Sensor size is important. The majority of compact cameras have a sensor the size of a little fingernail. A ‘full-frame’ DSLR’s sensor measures an entire 35 millimetres (same as the earlier film format SLRs).

Mirrorless cameras have sensors approximately half the size of a full-frame DSLR. Most DSLRs though have a sensor that is sized half-way in between 4/3rds and full-frame, and known as ‘APSC’. (Advanced Photo System ‘Classic’ – for those that are curious about the acronym).

Wikipedia gives a good illustration of the differences in sensor sizes here and of the origins of the acronym here

The importance of sensor size comes about like this: For a given sensor area, the designers can squeeze in more pixels, within limits, OR they can make the individual pixels larger. Thus:

A. Larger pixels are more sensitive to light, and thus perform better and produce less digital ‘noise’ that you see in some images (generally as coloured speckles).

B. More pixels mean higher resolution, to a point. And the point is that more and more megapixels in the same sensor size cannot continue forever. The size of the individual pixel (pixel = PIcture X ELement) gets so small that it can no longer capture the desired information, without also incurring an unacceptable penalty in electronic (read visual) noise. Hence the megapixel race hits the unflinching realities of physics, much to the chagrin of the marketers…

These two things are some of the reasons why DSLRs with their much larger sensors have the potential to produce more detailed, high resolution images. (The other main reason is the lens, and that will be covered in a future section.)

Now let's get back to the purpose of this section: Choices.

Clearly, if a compact / point and shoot camera is being contemplated, there's no need for loyalties – out with the old and in with the new. Things are not so simple if there's been an investment in a system! Jumping ship to a different brand here means selling up, and starting again.

Whatever your choice, be assured that there is on-line help at hand. The people at DPReview are arguably the owners of the most comprehensive camera review resource on the web. DPReview also hosts brand specific discussion forums (fora?), along with some related to specific functions such as printing for example. It's a site that has kept many club members (including me) informed and entertained for a decade.

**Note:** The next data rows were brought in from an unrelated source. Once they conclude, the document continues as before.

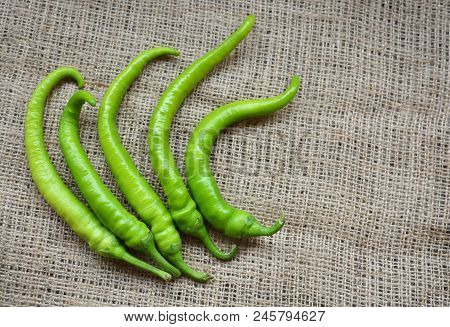 Five Long, Sharp Green Peppers On A Brown Background. Combustion. Mexican Condiments. Organic Food.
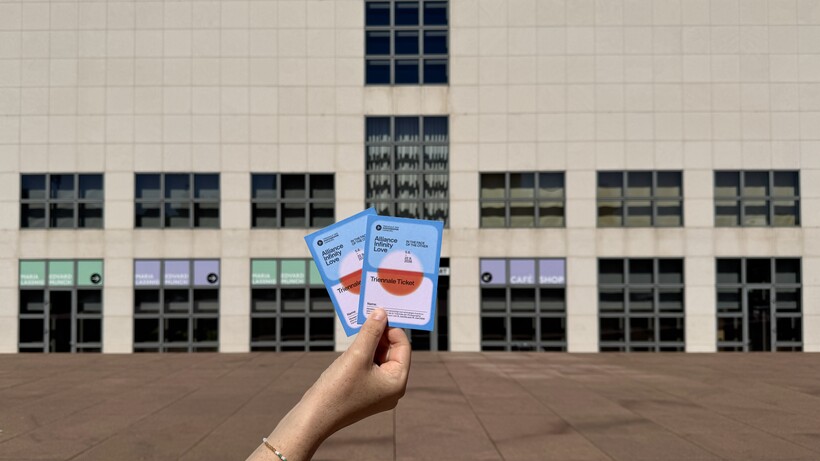 Hand hält zwei Tickets vor einem beigen Gebäude mit Fenstern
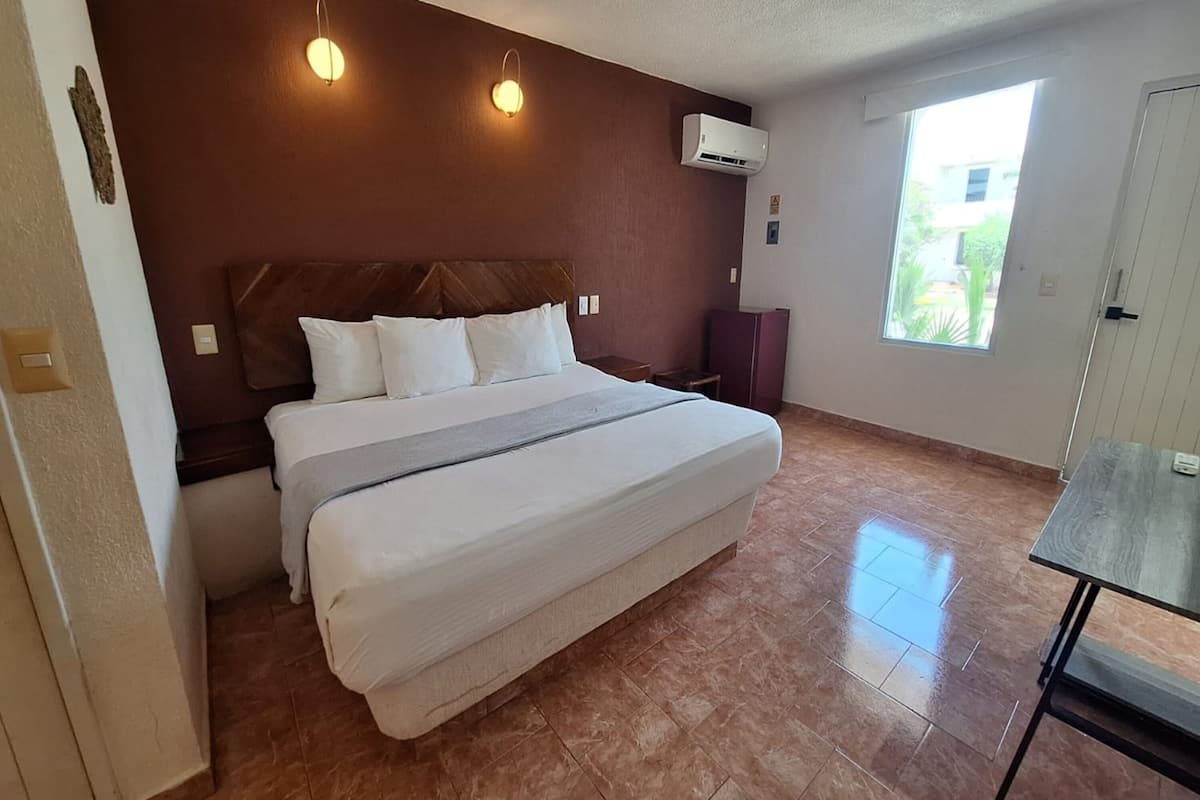 A bedroom with a large bed, a nightstand, a dresser, a window with a view, and an air conditioning unit.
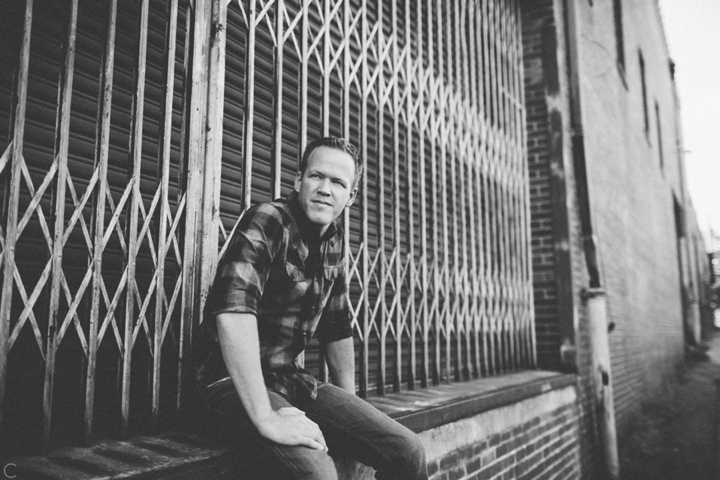 Man sitting by metal grate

Take a moment now to browse the reviews on that site. Use the drop-down boxes at the top of the page to sort the reviews by category, by date or by brand. Some articles are brief (especially the previews), and some are quite comprehensive. Further, there are articles (for example, enthusiast compacts, ‘super-zooms' and such) that critically compare offerings from various makers. All designed to help you make informed decisions.

There is also a useful article comparing aspects of compact cameras with DSLRs here.

Lastly, a word on compact / ”point and shoot' cameras. This declining market has advanced a very long way, even all the while its market share has been eroded steadily by tablet and smartphones. Point and shoot cameras are just that – if they are used in that fashion. Most of them have plenty of capability to shoot in the same modes offered by DSLRs – even manual modes. Many even provide the ability to capture and record your images in RAW or another ‘loss-less' format, in preference to .jpeg files. While the file size for these formats is much larger, from a post-processing point of view the various RAW and loss-less formats are infinitely preferable! File formats and post-processing will be covered in future instalments.

Often, DSLR shooters will also have a compact camera in their kit, because of their portability. Ultimately, point and shoot cameras are capable of very good output, and can (and should) be controlled by the user to realise that potential.